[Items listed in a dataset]
□ □ □

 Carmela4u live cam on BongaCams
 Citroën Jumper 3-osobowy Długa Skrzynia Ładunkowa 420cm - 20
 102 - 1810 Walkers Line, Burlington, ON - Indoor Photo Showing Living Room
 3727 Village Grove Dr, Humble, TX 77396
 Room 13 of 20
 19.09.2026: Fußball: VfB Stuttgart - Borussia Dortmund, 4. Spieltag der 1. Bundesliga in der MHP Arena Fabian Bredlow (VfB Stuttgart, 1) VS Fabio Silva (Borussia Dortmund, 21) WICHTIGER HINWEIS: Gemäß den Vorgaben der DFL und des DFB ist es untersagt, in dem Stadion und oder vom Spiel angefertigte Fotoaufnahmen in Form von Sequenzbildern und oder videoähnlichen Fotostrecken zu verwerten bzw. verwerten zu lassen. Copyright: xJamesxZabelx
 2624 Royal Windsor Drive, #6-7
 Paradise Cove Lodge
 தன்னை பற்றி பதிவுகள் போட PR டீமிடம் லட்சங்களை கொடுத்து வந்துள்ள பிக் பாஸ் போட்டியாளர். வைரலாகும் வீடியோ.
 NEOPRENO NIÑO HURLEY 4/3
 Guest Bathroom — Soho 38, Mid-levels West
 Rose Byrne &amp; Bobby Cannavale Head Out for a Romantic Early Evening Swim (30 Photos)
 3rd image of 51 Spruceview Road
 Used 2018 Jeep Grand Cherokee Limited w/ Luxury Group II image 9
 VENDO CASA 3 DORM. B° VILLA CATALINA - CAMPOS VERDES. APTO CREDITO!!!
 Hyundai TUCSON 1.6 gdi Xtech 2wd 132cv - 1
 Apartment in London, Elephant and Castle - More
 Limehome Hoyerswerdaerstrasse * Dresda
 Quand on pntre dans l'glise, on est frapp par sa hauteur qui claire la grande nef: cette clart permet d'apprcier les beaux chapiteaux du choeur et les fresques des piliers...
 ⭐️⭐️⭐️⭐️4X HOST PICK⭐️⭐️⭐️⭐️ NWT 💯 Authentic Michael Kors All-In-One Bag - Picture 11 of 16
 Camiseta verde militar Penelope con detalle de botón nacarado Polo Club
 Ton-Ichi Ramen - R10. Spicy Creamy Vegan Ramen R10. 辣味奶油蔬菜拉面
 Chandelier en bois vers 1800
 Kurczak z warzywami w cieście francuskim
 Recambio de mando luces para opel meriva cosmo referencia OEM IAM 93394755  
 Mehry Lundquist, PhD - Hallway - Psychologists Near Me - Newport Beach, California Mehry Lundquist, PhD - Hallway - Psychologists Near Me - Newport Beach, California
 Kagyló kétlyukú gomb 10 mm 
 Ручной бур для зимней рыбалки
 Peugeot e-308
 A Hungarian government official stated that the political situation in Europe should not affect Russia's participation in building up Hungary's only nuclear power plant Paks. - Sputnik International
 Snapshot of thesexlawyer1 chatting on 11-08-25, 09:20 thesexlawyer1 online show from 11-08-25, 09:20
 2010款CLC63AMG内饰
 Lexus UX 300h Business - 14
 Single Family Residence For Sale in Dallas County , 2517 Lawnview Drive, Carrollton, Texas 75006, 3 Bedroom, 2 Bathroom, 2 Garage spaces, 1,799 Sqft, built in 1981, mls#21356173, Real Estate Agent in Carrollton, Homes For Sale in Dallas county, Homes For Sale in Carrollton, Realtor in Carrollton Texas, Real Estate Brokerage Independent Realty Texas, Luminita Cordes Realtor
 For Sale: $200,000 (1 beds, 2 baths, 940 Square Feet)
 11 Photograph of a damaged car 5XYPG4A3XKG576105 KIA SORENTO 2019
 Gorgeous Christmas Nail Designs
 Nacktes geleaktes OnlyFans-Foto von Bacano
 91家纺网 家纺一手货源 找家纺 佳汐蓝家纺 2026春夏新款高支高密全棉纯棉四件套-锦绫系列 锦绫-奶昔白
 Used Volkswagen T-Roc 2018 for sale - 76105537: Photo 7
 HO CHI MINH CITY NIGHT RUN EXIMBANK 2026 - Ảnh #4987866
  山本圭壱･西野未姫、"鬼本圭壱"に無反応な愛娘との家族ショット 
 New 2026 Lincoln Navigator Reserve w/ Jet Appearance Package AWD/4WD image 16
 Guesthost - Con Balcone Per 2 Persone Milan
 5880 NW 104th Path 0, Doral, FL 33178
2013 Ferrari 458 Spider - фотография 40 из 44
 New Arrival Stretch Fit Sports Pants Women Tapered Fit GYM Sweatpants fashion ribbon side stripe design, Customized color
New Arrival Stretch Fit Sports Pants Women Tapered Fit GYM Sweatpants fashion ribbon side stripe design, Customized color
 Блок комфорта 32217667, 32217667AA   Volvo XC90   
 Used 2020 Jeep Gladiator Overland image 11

□ □ □

Among the entries above, copy exactly only the lines starting with the one containing "Gorgeous Christmas Nail Designs" and going through the one containing "2013 Ferrari 458 Spider - фотография 40 из 44", both ends included.

 Gorgeous Christmas Nail Designs
 Nacktes geleaktes OnlyFans-Foto von Bacano
 91家纺网 家纺一手货源 找家纺 佳汐蓝家纺 2026春夏新款高支高密全棉纯棉四件套-锦绫系列 锦绫-奶昔白
 Used Volkswagen T-Roc 2018 for sale - 76105537: Photo 7
 HO CHI MINH CITY NIGHT RUN EXIMBANK 2026 - Ảnh #4987866
  山本圭壱･西野未姫、"鬼本圭壱"に無反応な愛娘との家族ショット 
 New 2026 Lincoln Navigator Reserve w/ Jet Appearance Package AWD/4WD image 16
 Guesthost - Con Balcone Per 2 Persone Milan
 5880 NW 104th Path 0, Doral, FL 33178
2013 Ferrari 458 Spider - фотография 40 из 44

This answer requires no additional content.